April 23, 2023
Sister Anne Madeleine Brost, OSB shares a favorite essay related to the scripture readings for the Second and Third Sundays of Easter.
Elsewhere
I recently received a copy of a Russian icon depicting the resurrection. Elements from the gospel narratives are arranged around: the earth swirling like the waves of the sea, the stone rolled away, the angel, the women. In the center, nothing. That was the message given to the women. “He is not here. He is elsewhere.” This is suggesting the reality of a different universe. The risen Lord is not to be sought within the confines of space and time. He is elsewhere.
The story is complicated then by the fact that although elsewhere, Jesus makes sudden appearances to the women and, then, to the disciples—as many as five hundred, according to Saint Paul. He passes through locked doors, and yet his body is real; he eats and can be touched. So it seems that elsewhere is also here, but invisibly. The two zones coexist and overlap. That is why Jesus can promise to be present wherever two or three gather in his name and to be with his people until the end of the age. He is with us and, yet, cannot be seen.

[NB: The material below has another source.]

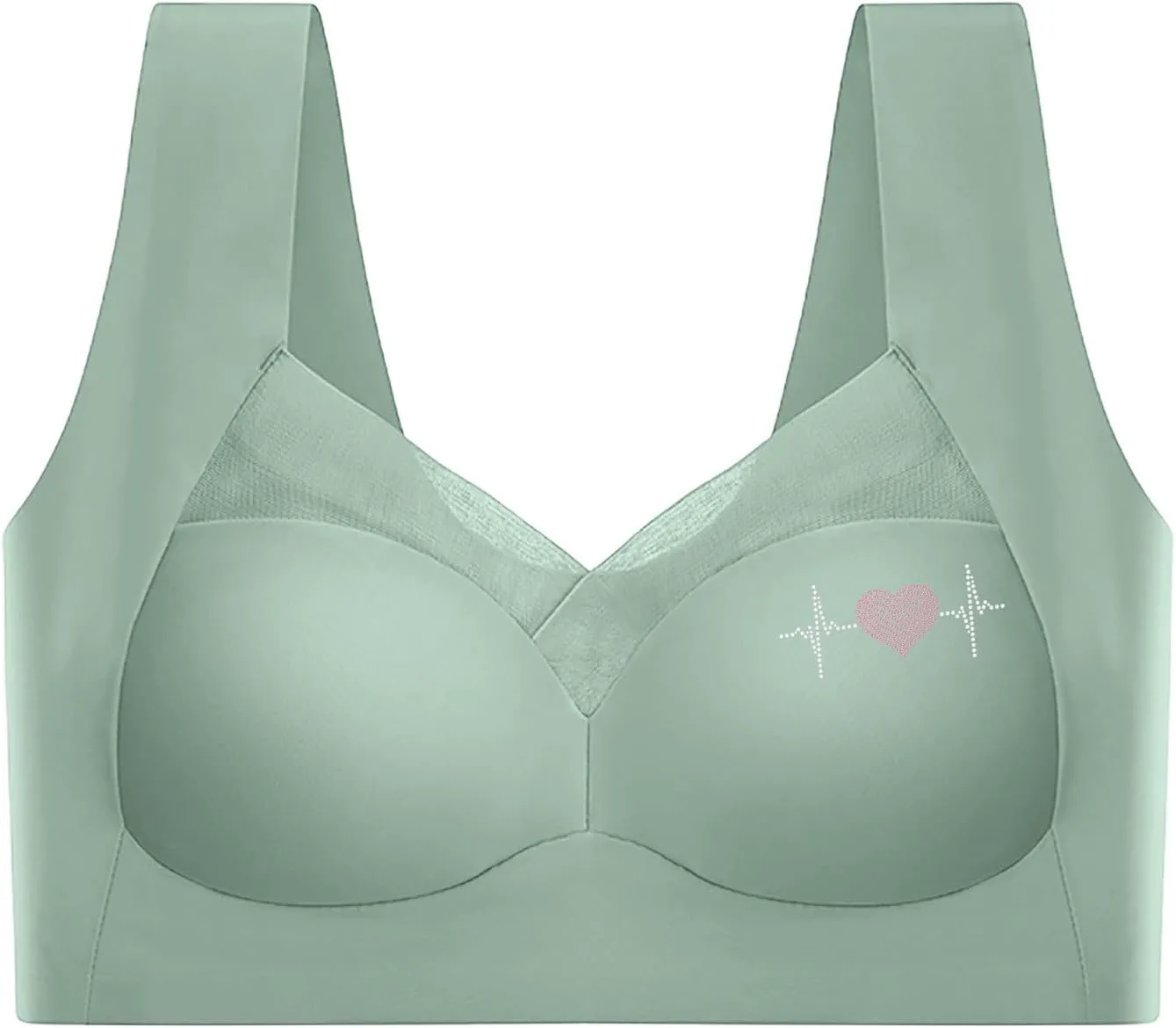Womens Sports Thin Bralette with Mesh Panel Padded Cups Breathable Supportive Wear Comfortable Wireless Tank Top Bras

In his response to Thomas’s profession of faith, Jesus makes the surprising assertion that unseeing faith is superior to faith that sees. That our contact with Jesus is deeper and stronger because we cannot see him. This seems to mean that there is a seeing that is unseeing, and an unseeing that is seeing. Two different modes of sight. The intense relationship with Jesus, and through him with the spiritual world, becomes more potent by not being subject to the distraction generated by physical sight. We are the privileged ones.
The power of faith to see what is unseen and unseeable is subject to development. If we want to grow in faith, we have to exercise it. The fundamental way of doing this is to spend time enveloped in nothing. We need to carve out space in which we can be apart from the things of space and time and available for communion with the risen Lord. Even while we remain on earth, it is possible for us also to be elsewhere.
Casey, M. (2019). Balaam’s Donkey: Random Ruminations for Every Day of the Year. Liturgical Press.